America’s Original Sin — Ed Larson On Liberty and Slavery in the Birth of a Nation

American Inheritance: Liberty and Slavery in the Birth of a Nation, 1765-1795 (book cover)

Shermer and Larson discuss:

  • Was America founded in 1619 or 1776?
  • What is/was an “American”?
  • Founding Fathers attitudes toward slavery: John/Abigail Adams, Samuel Adams, Thomas Jefferson, George Washington, James Madison, Alexander Hamilton, Benjamin Franklin, John Hancock, Patrick Henry, Thomas Paine
  • What was the justification of slavery?
  • constitutional convention and slavery compromises
  • U.S. Constitution and slavery
  • Thirteenth, Fourteenth, and Fifteenth Amendments
  • Atlantic slave trade
  • Fugitive Slave Act and Clause
  • Native Americans
  • monogenism vs. polygenism (did Blacks descend from Adam and Eve or as a separate species
  • slavery abolition
  • Quakers push for abolition
  • Three-fifths Compromise
  • The Dread Scott Decision and the Civil War
  • Abraham Lincoln and his rational argument for ending slavery
  • the future of race relations in America.

Edward J. Larson is the author of many acclaimed works in American history, including the Pulitzer Prize–winning history of the Scopes Trial, Summer for the Gods.

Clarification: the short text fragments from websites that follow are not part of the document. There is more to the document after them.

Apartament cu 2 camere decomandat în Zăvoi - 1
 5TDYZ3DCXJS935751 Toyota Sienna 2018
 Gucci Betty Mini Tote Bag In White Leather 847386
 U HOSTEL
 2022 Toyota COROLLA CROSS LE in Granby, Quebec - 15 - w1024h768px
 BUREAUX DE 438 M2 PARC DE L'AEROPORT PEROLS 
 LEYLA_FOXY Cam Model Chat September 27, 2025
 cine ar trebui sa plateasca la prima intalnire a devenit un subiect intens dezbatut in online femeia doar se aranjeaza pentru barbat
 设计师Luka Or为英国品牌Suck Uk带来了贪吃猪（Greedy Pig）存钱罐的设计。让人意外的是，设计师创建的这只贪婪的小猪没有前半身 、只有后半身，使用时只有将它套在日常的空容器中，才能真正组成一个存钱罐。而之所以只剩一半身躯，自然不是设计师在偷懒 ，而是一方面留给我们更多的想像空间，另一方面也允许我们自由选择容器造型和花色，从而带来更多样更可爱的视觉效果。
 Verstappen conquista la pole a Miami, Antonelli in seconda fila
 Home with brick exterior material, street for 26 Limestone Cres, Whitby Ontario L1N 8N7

He also authored Franklin and Washington: The Founding Partnership, The Return of George Washington 1783-1789, A Magnificent Catastrophe: The Tumultuous Election of 1800—America’s First Presidential Campaign, An Empire of Ice: Scott, Shackleton, and the Heroic Age of Antarctic Science, To the Edges of the Earth: 1909, the Race for the Three Poles, and the Climax of the Age of Exploration, and the textbook Evolution: The Remarkable History of a Scientific Theory. He is University Professor of History and Hugh and Hazel Darling Chair in Law at Pepperdine University, and lives with his family near Los Angeles.

About the Book

New attention from historians and journalists is raising pointed questions about the founding period: was the American revolution waged to preserve slavery, and was the Constitution a pact with slavery or a landmark in the antislavery movement? Leaders of the founding who called for American liberty are scrutinized for enslaving Black people themselves: George Washington consistently refused to recognize the freedom of those who escaped his Mount Vernon plantation. And we have long needed a history of the founding that fully includes Black Americans in the Revolutionary protests, the war, and the debates over slavery and freedom that followed.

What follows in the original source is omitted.